Our proposal builds upon Yael Navarro Yashin’s (2012) discussion of ‘ruination’ and the ‘unhomely’, as well as Stuarts Hall’s concept of ‘articulation’ (Hall and Du Gay 1996). Our focus is on both the individual and the collective localities of being in various forms of ‘governing of the self’, such as: nationalities, ethnicities, races, genders, sexualities or religions, particularly as interpreted in regards to the feeling or becoming of/at ‘home’ and ‘unhomely’, as they appear after spatial and temporal alienation, or in the resistance to the dominant narratives of belonging.

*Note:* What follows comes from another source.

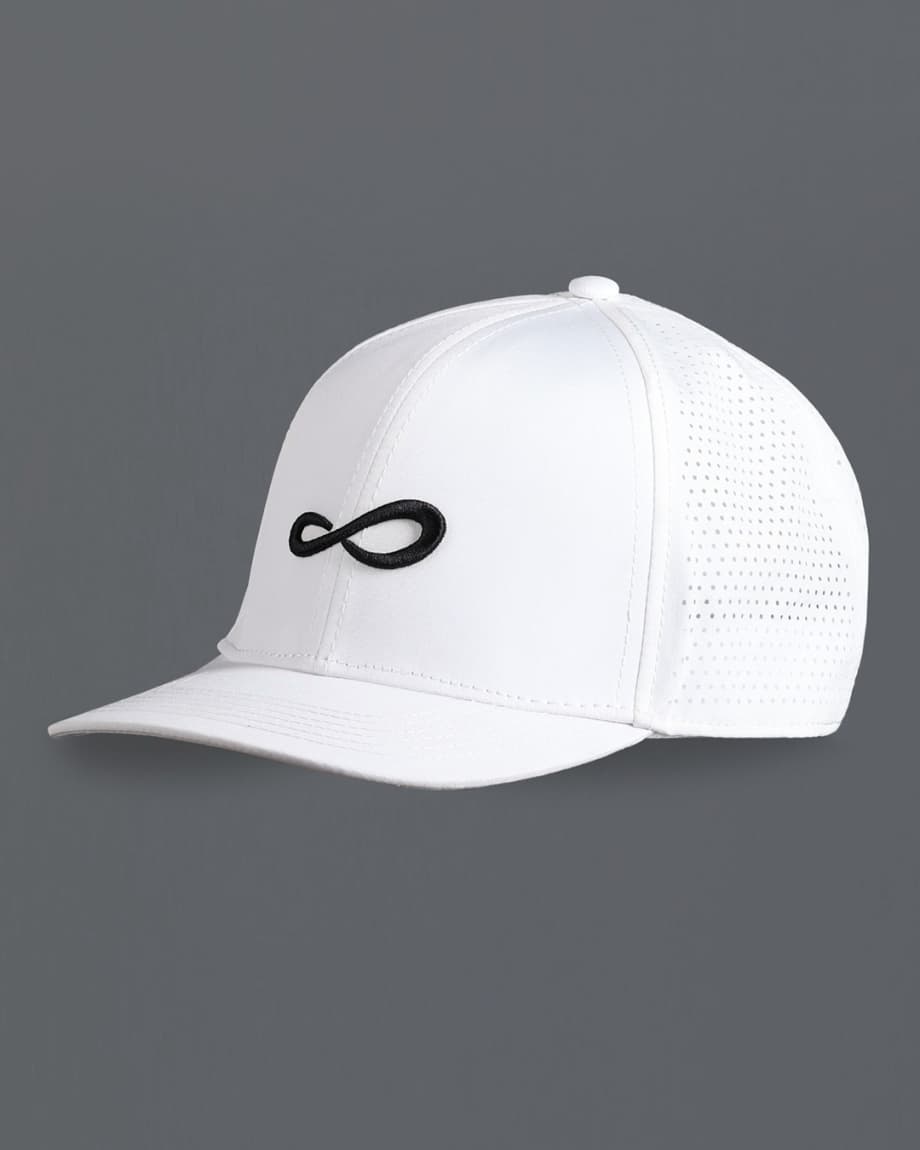 Hat ENDLESS White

We seek contributions that locate home and belonging as they appear in discursive (re)positioning, life stories, bodily movements and reflexes, materialities, dreams, silences, and dialectics arising from ‘new spaces’. We propose an analytical framework of ‘migration’ that includes a range of situations where ‘home’ may not be readily attainable and/or definable. Papers might consider, but should not necessarily be limited to, post-conflict landscapes, regimes of displacement and emplacement, transnational, transversal, and trans-gender/sexual habitations, as well as the roles of non-human agency, materiality and affect as they pertain to ‘post-home’ lives.

References
Hall, Stuart, and Paul Du Gay. (1996). Questions of Cultural Identity. London: Sage.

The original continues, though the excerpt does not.